Pursuit of a neutral Afghanistan: the Swiss way

The current situation in Afghanistan is challenging and the prospects of peace remain distant


Bénédict De Cerjat June 02, 2021

After more than 40 years of conflict — driven by local, regional and supra-regional interests — it is only fair that the people of Afghanistan finally achieve lasting peace and escape the poverty that affects more than 80 per cent of the population. The current situation in Afghanistan is challenging and the prospects of peace remain distant. But many — including those here in Pakistan — are willing to take some risks to promote a negotiated political settlement between the government of the Republic and the Taliban.
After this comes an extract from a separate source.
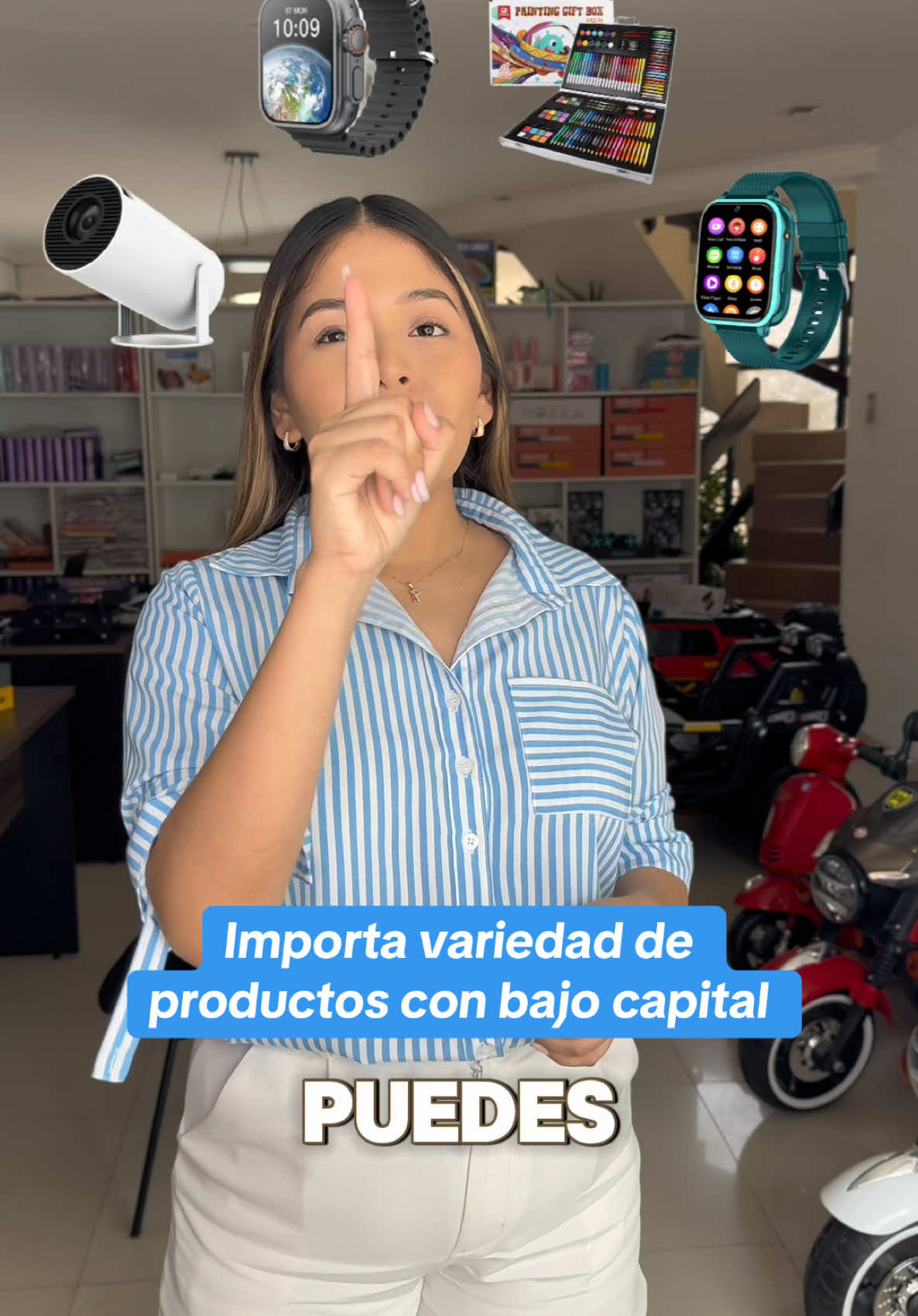 Más información al 6.9.15.18.54📲 #parati #fouryoupage #emprendedor #negocios #importador #china #alibaba #importaciones #comoimportardechina #importacionesdechina #importacionesbolivia #bolivia #bolivia🇧🇴 #santacruzdelasierra🇳🇬 #lapaz #mattimportaciones 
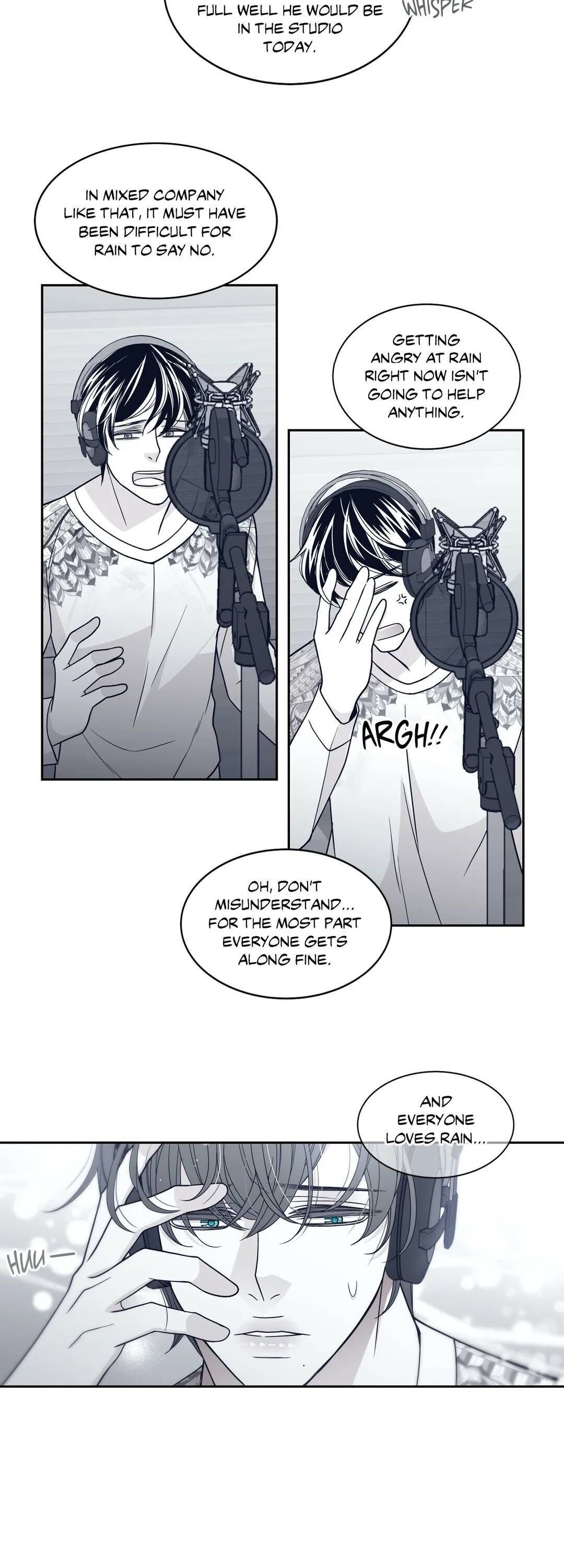 Page 22 of Chapter 45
Both sides will ultimately have to make concessions in the interest of peace and security in Afghanistan.

Looking at the necessary elements for a lasting peace in the war-ravaged country, I deem there to be one which merits particular attention: the pursuit of a neutral Afghanistan, a proposition that may very well be a prerequisite for security and stability in the country. Here, I cannot help but remember what happened in the heart of Europe after Napoleon’s defeat, when in 1815, at the Congress of Vienna, the map of Europe was redrawn. For more than 15 years, Switzerland had been occupied by the young French Republic and eventually absorbed into the Napoleon’s Empire. Hence, the victorious anti-France Alliance wanted to avoid new problems from arising in this strategic region holding the Alpine passes. The aim was to ensure that Switzerland would no longer take sides in any future conflicts between its neighbours, and that its territory would not be used to harm any other country.

Moreover, when the Great Powers at the Congress of Vienna formalised Switzerland’s permanent neutrality — which had already been a longstanding, self-declared practice for centuries — they also undertook to respect it: active neutrality on the one hand, and a guarantee of its respect by the regional players (Austria, France, Great Britain, Prussia, Russia, etc) on the other. So when looking for a solution for peace in Afghanistan, isn’t it a good time to also reflect on this historical example?
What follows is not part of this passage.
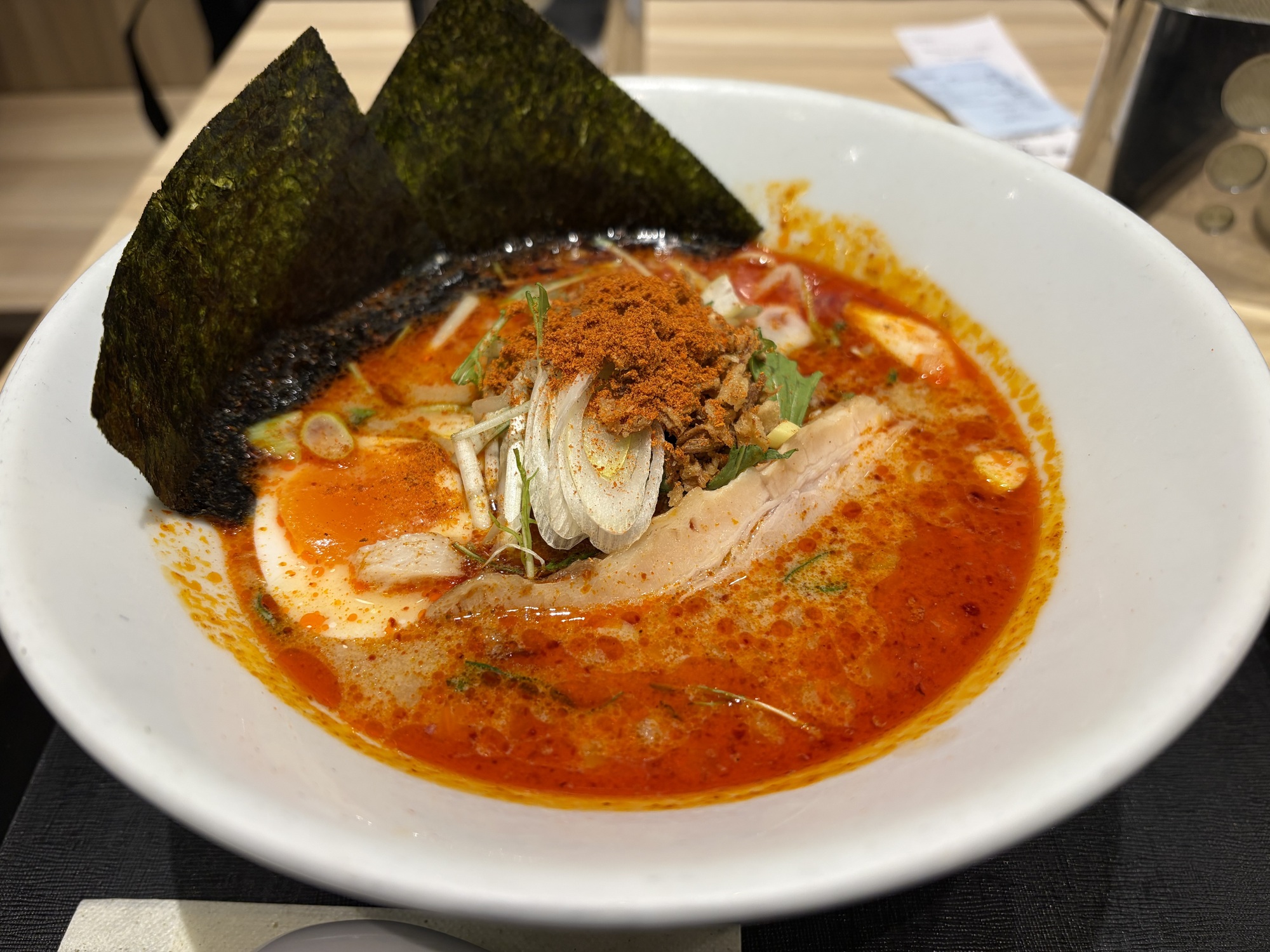 TO BE  A BETTER VERSION OF MY SELF✈️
However, what would this mean for Afghanistan? To begin with, all Afghan parties to the conflict should ensure that Afghanistan and its local components will not take sides in disputes between their neighbours — for instance, between Pakistan and India or between China and India. But, above all, it implies a commitment by the regional powers and the international community to not interfere in Afghanistan’s internal affairs anymore. This commitment could manifest itself in the shape of a solemn declaration by all states in the region as well as the permanent members of the United Nations Security Council to guarantee the territorial integrity and the neutrality of Afghanistan.

The realisation of a neutral Afghanistan may be a painstakingly long process. Nevertheless, based on our own experience in Switzerland, this is quite a successful formula that could perhaps also benefit the aspired peace in Afghanistan. Bear in mind, Afghanistan has followed a policy of neutrality in the past, notably from the late 19th century until the mid-20th century.

Published in The Express Tribune, June 2nd, 2021.